What is expected :: If a picture appears, leave it out, and reproduce exactly the lines from the start of the listing below through the one bearing "hottie_couplee - Hottie_couplee's".

Dataset extract ::
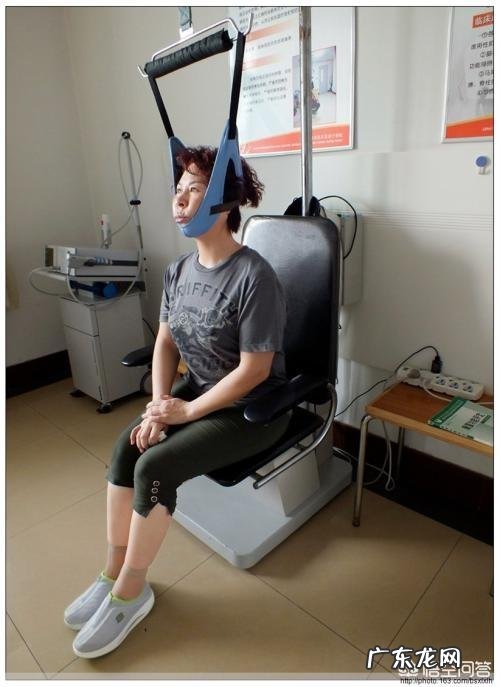 如何保养颈部预防颈部皱纹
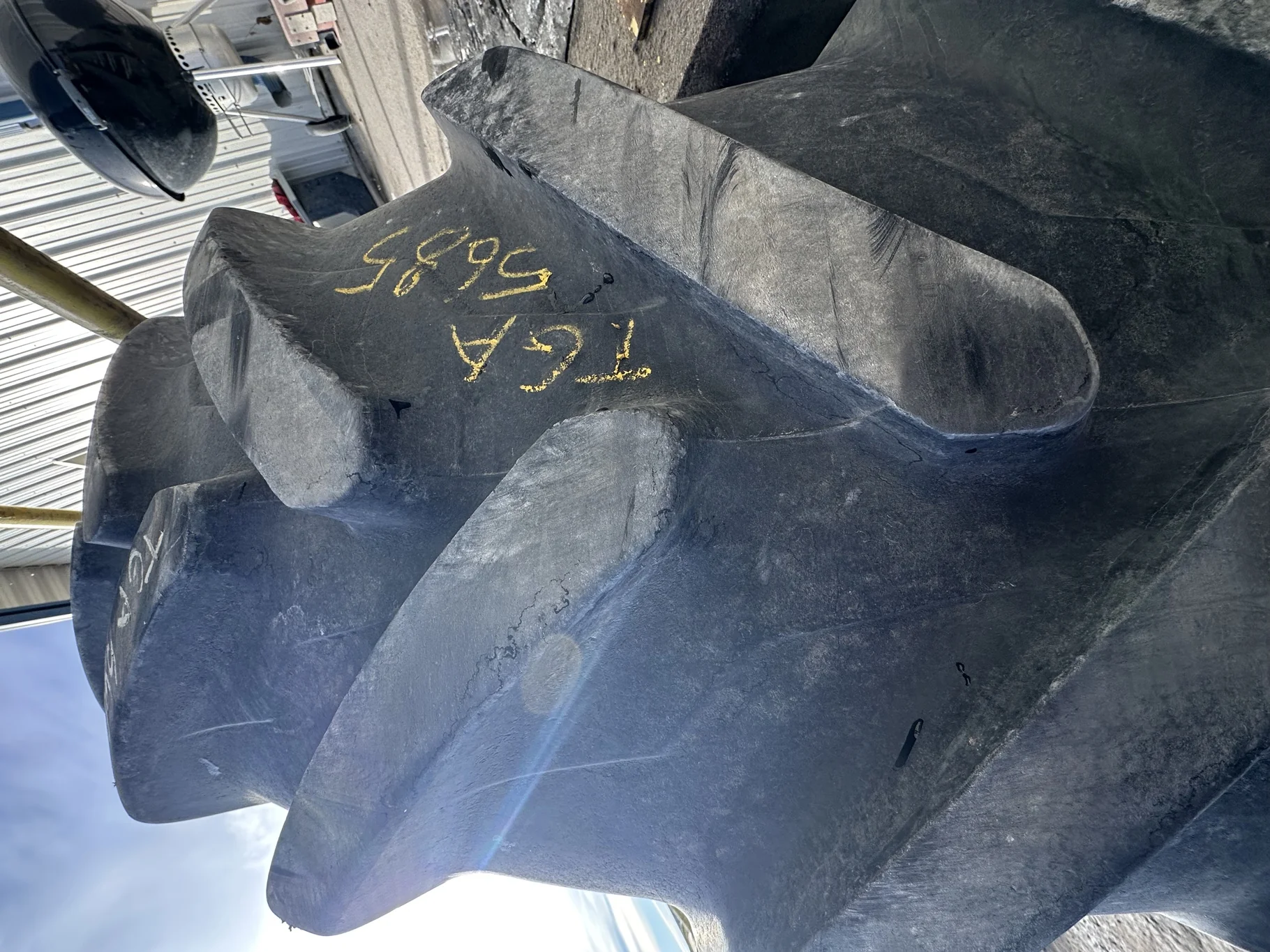 Used 65% VF480/80R50 Michelin YieldBib R-1W 166A8/166B TL on a 15 x 50 JD Yellow 10 Bolt (.906 image 3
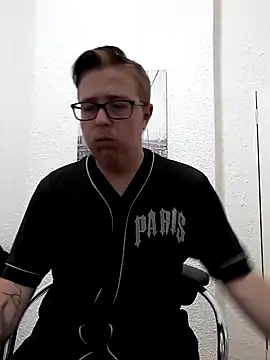 Snapshot of bisexualboy05 chatting on November 1, 3:38 pm bisexualboy05 online show from November 1, 3:38 pm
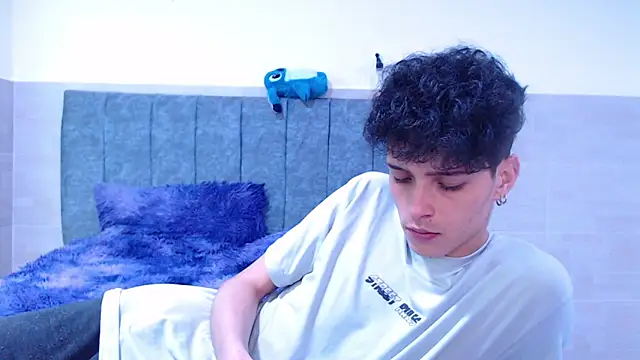 hottie_couplee - Hottie_couplee's free webcam - UK Sex Cams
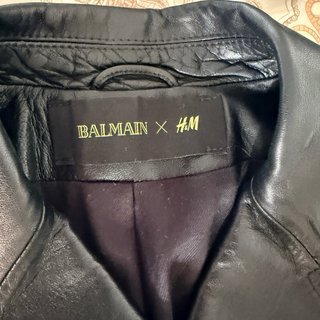 Chaqueta Cuero Balmain x H&M Negra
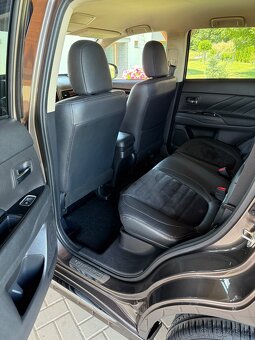 Mitsubishi Outlander PHEV 2.0 2016 - 11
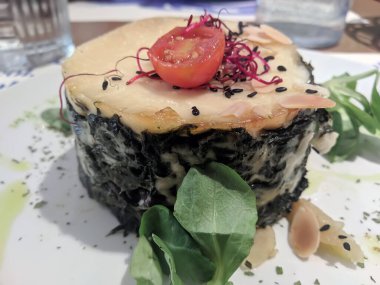 Vejetaryen Gıda üzerine beyaz tabak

Final answer ::
 如何保养颈部预防颈部皱纹
 Used 65% VF480/80R50 Michelin YieldBib R-1W 166A8/166B TL on a 15 x 50 JD Yellow 10 Bolt (.906 image 3
 Snapshot of bisexualboy05 chatting on November 1, 3:38 pm bisexualboy05 online show from November 1, 3:38 pm
 hottie_couplee - Hottie_couplee's free webcam - UK Sex Cams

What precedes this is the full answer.